Task prompt: Begin the copy at the line containing "Imokusa Reijou Desu" in the data below and end it at the line containing "Suhr Modern FRT", keeping each line exact and leaving out pictures.

Task input:
#####
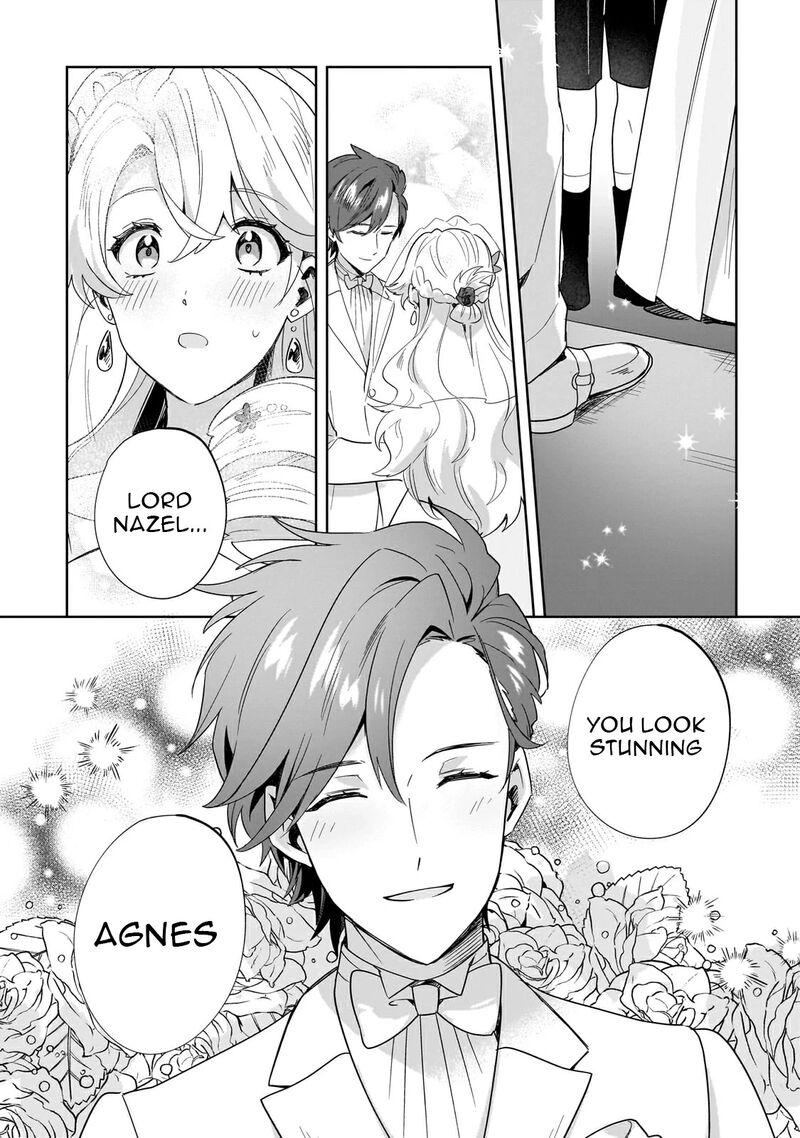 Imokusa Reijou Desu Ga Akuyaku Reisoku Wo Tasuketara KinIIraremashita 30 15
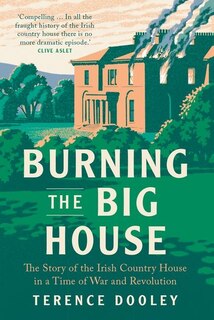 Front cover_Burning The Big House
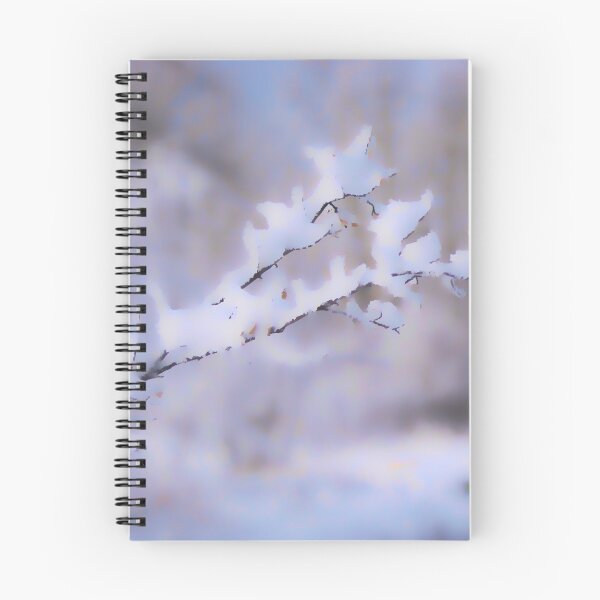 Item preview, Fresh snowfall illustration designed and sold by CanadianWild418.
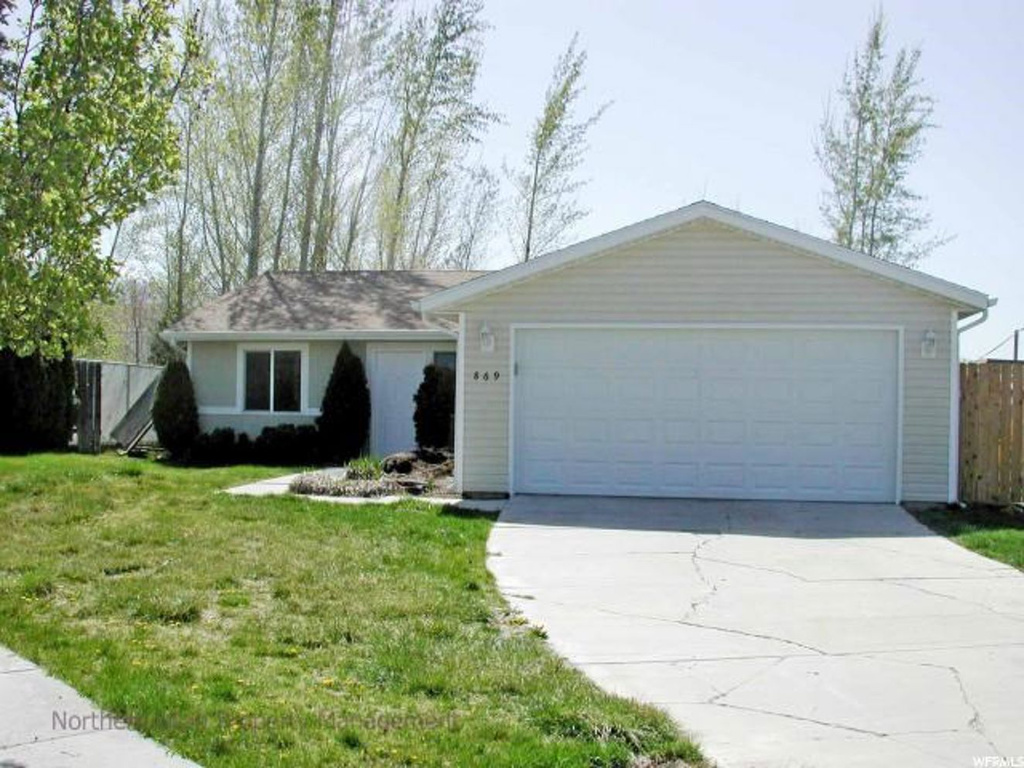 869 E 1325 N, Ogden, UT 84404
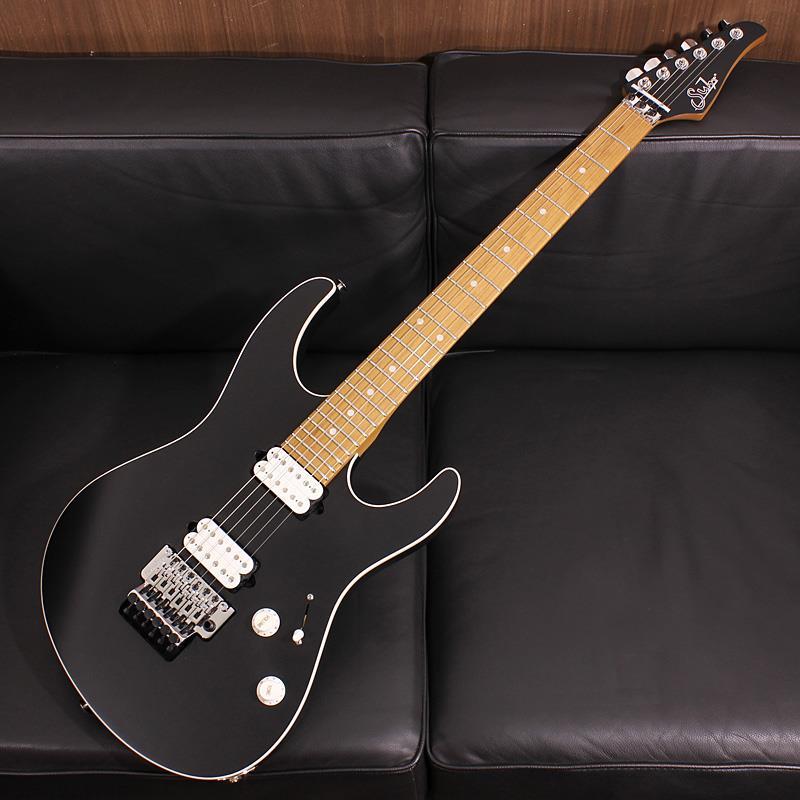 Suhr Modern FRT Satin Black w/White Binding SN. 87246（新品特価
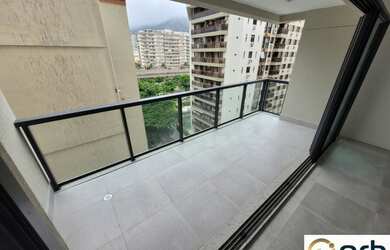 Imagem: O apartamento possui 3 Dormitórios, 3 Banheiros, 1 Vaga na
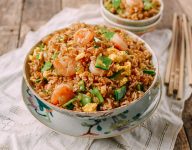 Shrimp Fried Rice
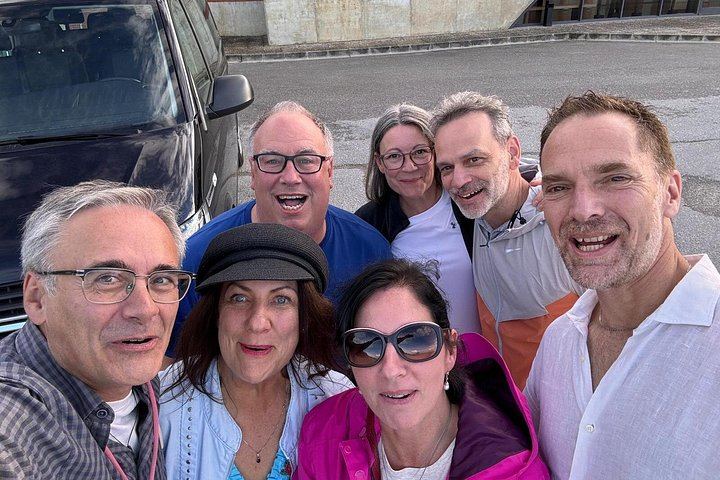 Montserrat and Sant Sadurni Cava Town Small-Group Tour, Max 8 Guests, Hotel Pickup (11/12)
#####
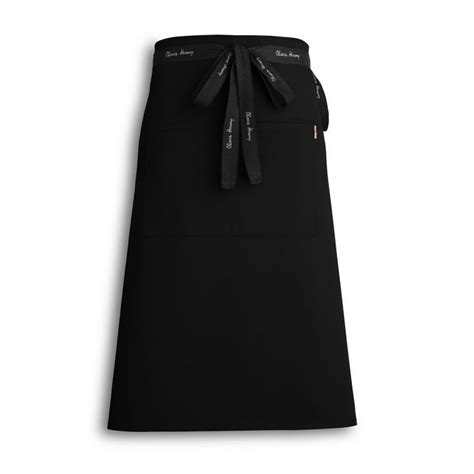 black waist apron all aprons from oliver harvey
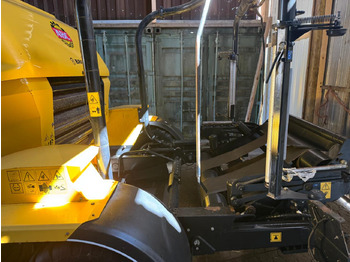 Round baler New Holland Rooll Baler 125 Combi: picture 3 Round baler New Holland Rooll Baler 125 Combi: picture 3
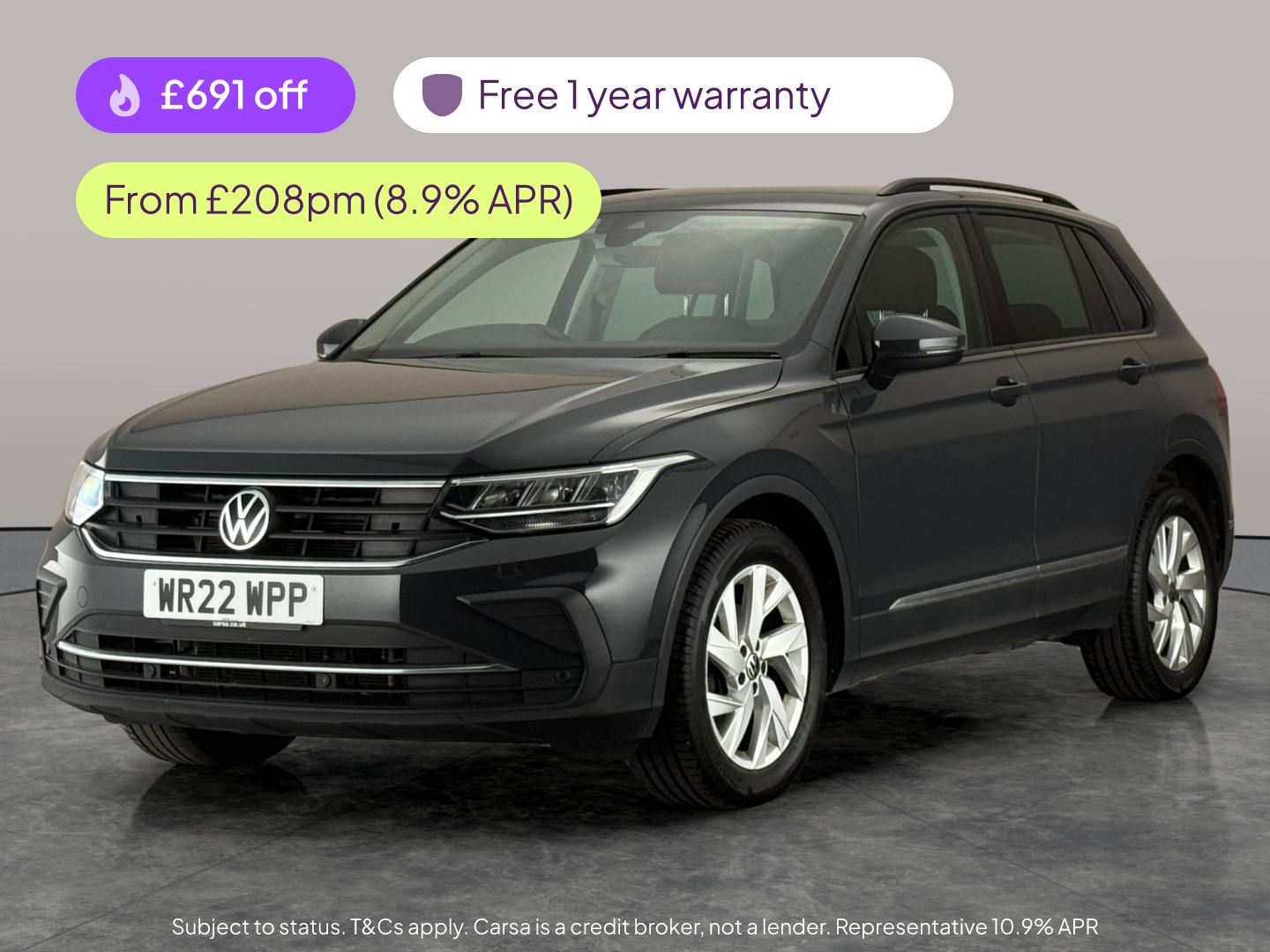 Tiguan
#####
Answer to this exercise:
 Imokusa Reijou Desu Ga Akuyaku Reisoku Wo Tasuketara KinIIraremashita 30 15
 Front cover_Burning The Big House
 Item preview, Fresh snowfall illustration designed and sold by CanadianWild418.
 869 E 1325 N, Ogden, UT 84404
 Suhr Modern FRT Satin Black w/White Binding SN. 87246（新品特価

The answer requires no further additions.